Tuesday, January 01, 2019

Midterm Toxins & Tonic: Trump could end up being the unwitting vehicle of a very American revolution

Whether the blue (Democratic) electoral wave was stopped by a red (Republican) wall, or if there was a wave at all, remains a matter of contention in the United States. President Donald Trump responded as though he had won a re-election, took the opportunity to fire his attorney general and, in a lengthy, angry press conference, attacked the media.
To go by the metrics, Democrats captured the House of Representatives and made portentous gains in state legislatures and with other elected officials like state governors and attorneys general. Republicans, though, not only kept the upper house, the Senate, but they also picked up three seats there. With a divided legislature, Trump will now take credit for success and blame Democrats for his failures.
But with Democrats in charge of the House, Trump will, for the first time, face real Congressional oversight. Unlike in India, American parliamentary committees have real teeth which they often use in exercise of their investigation and oversight powers.  But with Trump threatening counterattack, nothing will be straightforward.

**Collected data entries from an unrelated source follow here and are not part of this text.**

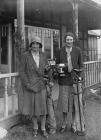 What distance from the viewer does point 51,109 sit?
430 centimetres

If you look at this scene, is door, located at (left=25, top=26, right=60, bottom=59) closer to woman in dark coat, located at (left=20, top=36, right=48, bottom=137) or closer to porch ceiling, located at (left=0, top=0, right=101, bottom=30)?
porch ceiling, located at (left=0, top=0, right=101, bottom=30)

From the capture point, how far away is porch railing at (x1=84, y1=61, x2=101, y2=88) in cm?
771

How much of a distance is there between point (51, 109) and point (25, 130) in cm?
63

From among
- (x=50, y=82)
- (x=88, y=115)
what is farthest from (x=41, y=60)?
(x=88, y=115)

In essence, the election was about America’s dangerously divided polity and the outcome only underscores that the immediate future will remain toxic. Differences between the two parties have now reached epic proportions. These relate to social issues like abortion and same sex marriage, immigration and race, healthcare and environmental policy. Democrats have the support of larger numbers of women, minorities and the young, while the Republican core support comes from men, mainly white, and rural folk.
An electoral map shows the periphery of the country as blue, while the vast hinterland remains red. The US is increasingly becoming suburban and urban and less rural, and the polls show that Democratic strength derives from suburban women, younger voters, and non-Europeans. Time is running out for today’s Republican Party and in many instances they are clinging on to power through gerrymandering constituencies, preventing the minorities and the poor from voting, and toxic politics.

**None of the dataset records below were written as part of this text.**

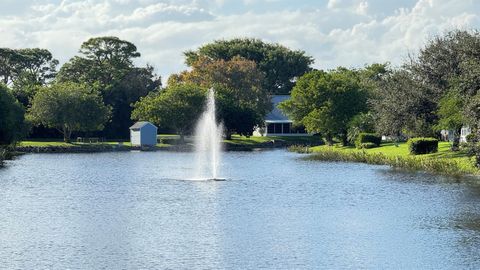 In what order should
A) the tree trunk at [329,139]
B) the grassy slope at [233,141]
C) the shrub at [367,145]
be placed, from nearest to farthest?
the shrub at [367,145] < the tree trunk at [329,139] < the grassy slope at [233,141]

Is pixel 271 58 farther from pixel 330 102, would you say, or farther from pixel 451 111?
pixel 451 111

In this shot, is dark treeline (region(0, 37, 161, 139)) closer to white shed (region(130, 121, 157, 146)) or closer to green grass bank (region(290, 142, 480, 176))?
white shed (region(130, 121, 157, 146))

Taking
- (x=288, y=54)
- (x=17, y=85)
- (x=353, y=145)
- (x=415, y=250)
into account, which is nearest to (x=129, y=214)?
(x=415, y=250)

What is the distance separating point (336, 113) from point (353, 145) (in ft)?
15.9

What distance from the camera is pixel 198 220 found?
45.0 meters

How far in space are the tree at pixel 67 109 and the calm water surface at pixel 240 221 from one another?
→ 54.6 meters

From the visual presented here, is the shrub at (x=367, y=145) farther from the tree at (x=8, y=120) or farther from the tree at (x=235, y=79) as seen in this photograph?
the tree at (x=235, y=79)

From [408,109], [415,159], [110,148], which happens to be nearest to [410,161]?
[415,159]

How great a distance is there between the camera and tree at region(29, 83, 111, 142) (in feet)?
427

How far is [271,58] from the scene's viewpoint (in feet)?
612

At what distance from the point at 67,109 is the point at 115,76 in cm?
3557

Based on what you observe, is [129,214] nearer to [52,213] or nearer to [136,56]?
[52,213]

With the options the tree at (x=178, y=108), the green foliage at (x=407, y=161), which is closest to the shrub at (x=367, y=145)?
the green foliage at (x=407, y=161)

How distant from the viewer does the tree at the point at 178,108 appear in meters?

For Trump, the ideal American economy lies in the 1970s with workers in assembly lines churning out cars, trucks and locomotives. In the social sphere he goes back one more decade to an America where blacks were kept in their place and non-European immigrants didn’t exist. The old elite wants to turn the clock back to recreate an American economy that is no longer viable, or a society where white patriarchal dominance is unquestioned.
In all this, foreign affairs are furthest away from the minds of Americans. Those in China who had hoped that the outcome would help moderate Trump will be disappointed. Trump has helped change American attitudes towards them and the process has been bipartisan. Russians probably did not expect much. As for India, it doesn’t really count in America’s global calculus. For that we need a much larger economy, or a capacity to do mischief to the detriment of the US. As of now we have neither.
Trump’s narrow definition of American nationalism, attitudes towards race and immigration, international treaties, law and even basic decency and norms go against the grain, and, indeed, the real interests of his own country. Despite its obvious flaws and acts of commission, the US has been “the city on the hill” – a country that set global standards, whether in academia, fashion, lifestyle or entertainment, and one which welcomed immigrants who, in turn, enriched it.
Even so, Trump could end up being the unwitting vehicle of a very American revolution. One significant outcome has been the election of an unprecedented number of women legislators, triggered by the Trump misogyny and non-white voter turnout has soared to historic levels. By trampling on his allies and trashing norms, Trump could also end up changing global politics, in a manner that he never intended. But the struggle for the soul of the US is not likely to end soon. Indeed, things could well get worse before they get any better.